SLC CGIL, FISTEL CISL e UILCOM UIL hanno diffuso ieri, mercoledì 7 gennaio 2026, un comunicato congiunto in cui affrontano le ricadute occupazionali legate alla riforma del mercato elettrico e alla progressiva uscita dal Mercato Tutelato, avviata a partire dalla metà del 2024 per la maggior parte dei clienti non vulnerabili.
Secondo quanto riportato dalle organizzazioni sindacali, il passaggio obbligatorio al Mercato Libero o al nuovo Servizio a Tutele Graduali (STG) ha determinato una significativa movimentazione della clientela, con effetti diretti sui volumi di traffico dei numeri verdi di assistenza.
Questa riduzione dei flussi avrebbe generato eccedenze di personale impiegato nelle attività di customer care legate al Mercato Tutelato, in particolare nell’ambito delle commesse riconducibili a Enel.
La fase transitoria e le incertezze occupazionali
Il comunicato evidenzia come una fase transitoria, gestita attraverso il confronto tra sindacati, aziende del comparto energetico e istituzioni, abbia finora consentito di accompagnare il cambiamento senza effetti occupazionali immediati.
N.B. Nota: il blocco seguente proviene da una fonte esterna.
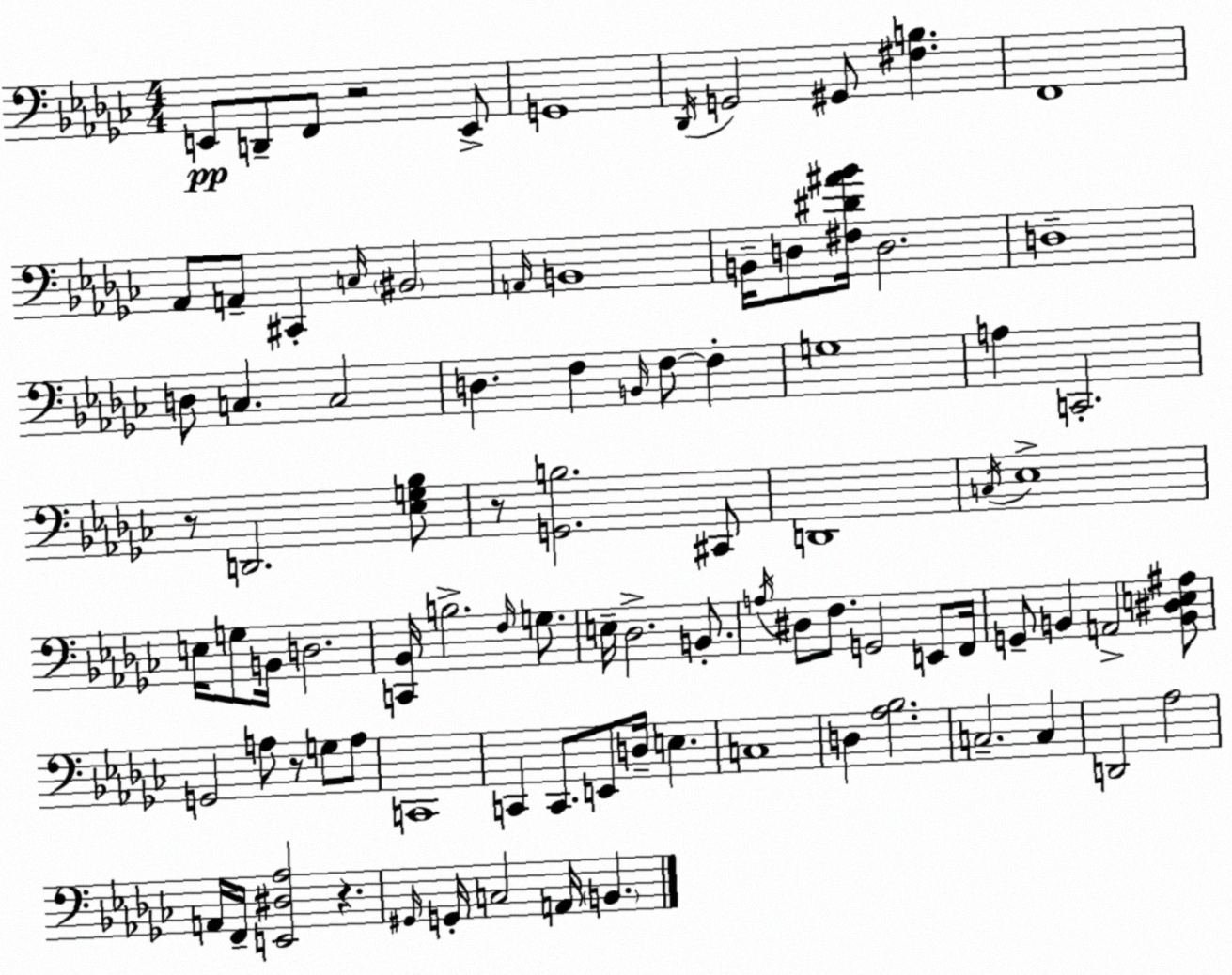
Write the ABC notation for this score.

X:1
T:Untitled
M:4/4
L:1/4
K:Ebm
E,,/2 D,,/2 F,,/2 z2 E,,/2 G,,4 _D,,/4 G,,2 ^G,,/2 [^F,B,] F,,4 _A,,/2 A,,/2 ^C,, C,/4 ^B,,2 A,,/4 B,,4 B,,/4 D,/2 [^F,^D^A_B]/4 D,2 D,4 D,/2 C, C,2 D, F, B,,/4 F,/2 F, G,4 A, C,,2 z/2 D,,2 [_E,G,_B,]/2 z/2 [G,,B,]2 ^C,,/2 D,,4 C,/4 _E,4 E,/4 G,/2 B,,/4 D,2 [C,,_B,,]/4 B,2 F,/4 G,/2 E,/4 _D,2 B,,/2 A,/4 ^D,/2 F,/2 G,,2 E,,/2 F,,/4 G,,/2 B,, A,,2 [B,,^D,E,^A,]/2 G,,2 A,/2 z/2 G,/2 A,/2 C,,4 C,, C,,/2 E,,/2 D,/4 E, C,4 D, [_A,_B,]2 C,2 C, D,,2 _A,2 A,,/4 F,,/4 [E,,^D,_A,]2 z ^G,,/4 G,,/4 C,2 A,,/4 B,, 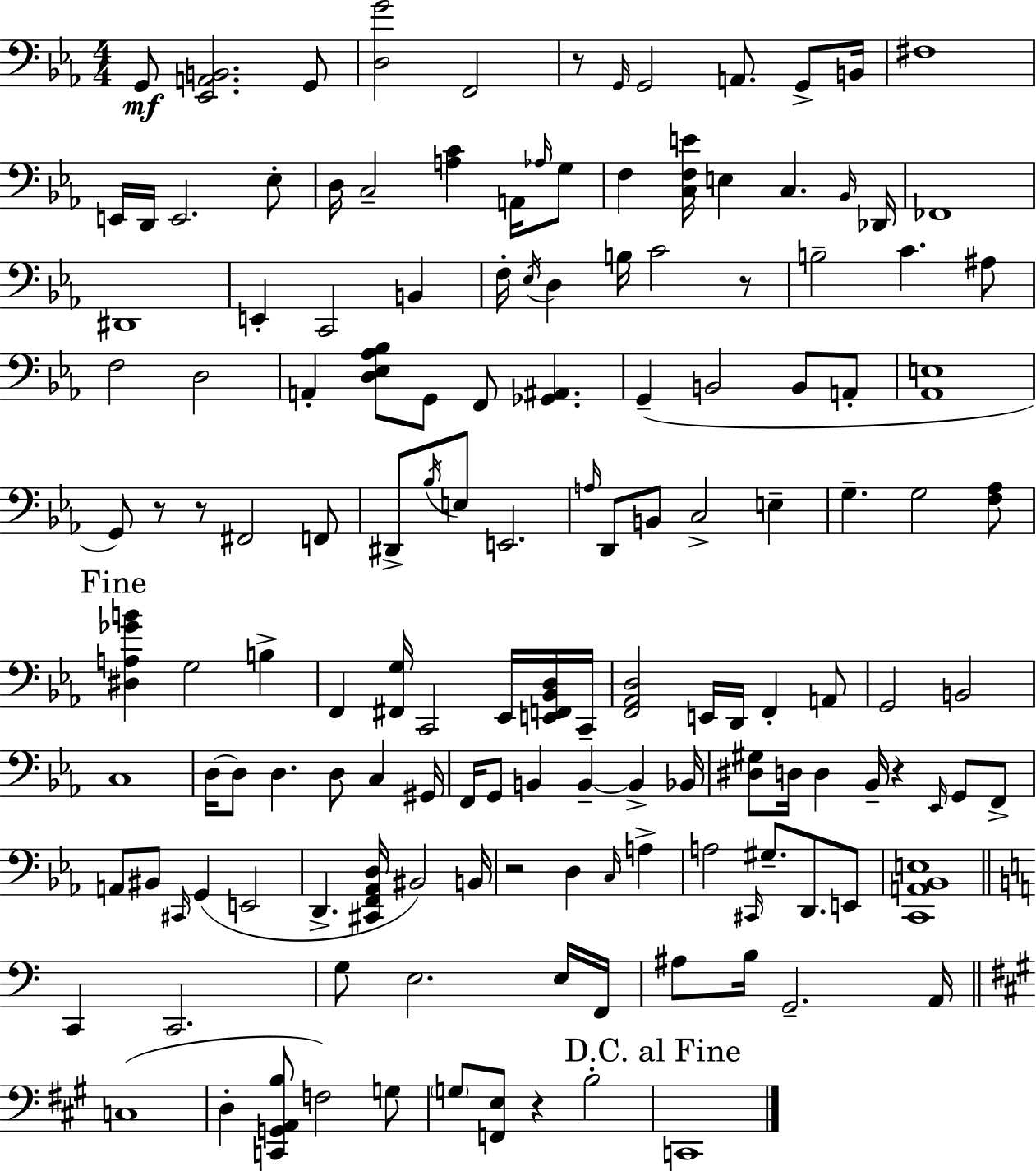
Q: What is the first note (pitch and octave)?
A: G2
Tuttavia, secondo SLC CGIL, FISTEL CISL e UILCOM UIL, il problema non risulterebbe risolto in modo strutturale.
In particolare, i sindacati segnalano l’assenza di certezze sul futuro delle lavoratrici e dei lavoratori impiegati nei servizi legati al Mercato Tutelato una volta completata la transizione della clientela. A destare preoccupazione sarebbe anche il nuovo approccio adottato da Enel nella gestione dei cambi di appalto, soprattutto per quanto riguarda i servizi di back-office e quality.
Clausola sociale e principio di territorialità
Nel documento viene richiamato il ruolo della clausola sociale, introdotta nel 2016 e considerata dalle organizzazioni sindacali uno strumento fondamentale per garantire continuità occupazionale, tutele economiche e normative, oltre alla possibilità di mantenere il lavoro nel proprio territorio.
Il principio della territorialità, sancito dal Contratto Collettivo Nazionale delle Telecomunicazioni e consolidato da numerosi accordi sindacali, viene indicato come un elemento centrale da preservare anche nelle future gare d’appalto.
Secondo il comunicato, eventuali deroghe a questo principio potrebbero rappresentare un precedente rischioso, con possibili ripercussioni non solo sulle commesse attuali ma anche su quelle future, comprese quelle ancora riconducibili al perimetro del Mercato Tutelato.
Sciopero nazionale del 9 Gennaio 2026
Alla luce di queste criticità, per domani, venerdì 9 gennaio 2026, è stato proclamato uno sciopero nazionale di tutto il personale impegnato nei servizi di assistenza alla clientela delle società Enel Energia, Enel X ed E-distribuzione, oltre alle altre realtà del mondo Enel.
Tra i temi centrali della mobilitazione rientra proprio il futuro occupazionale degli addetti che operano sul Mercato Tutelato. Le manifestazioni previste in diverse città italiane, secondo quanto riferito dai sindacati, mirano a richiamare l’attenzione sulla necessità di garantire tutele e certezze occupazionali in una fase di profonda trasformazione del settore energetico.
L’iniziativa si inserisce in un contesto più ampio di cambiamento regolatorio e industriale, che continua a sollevare interrogativi sugli equilibri occupazionali e sulle modalità di gestione delle transizioni nel comparto dei servizi di customer care.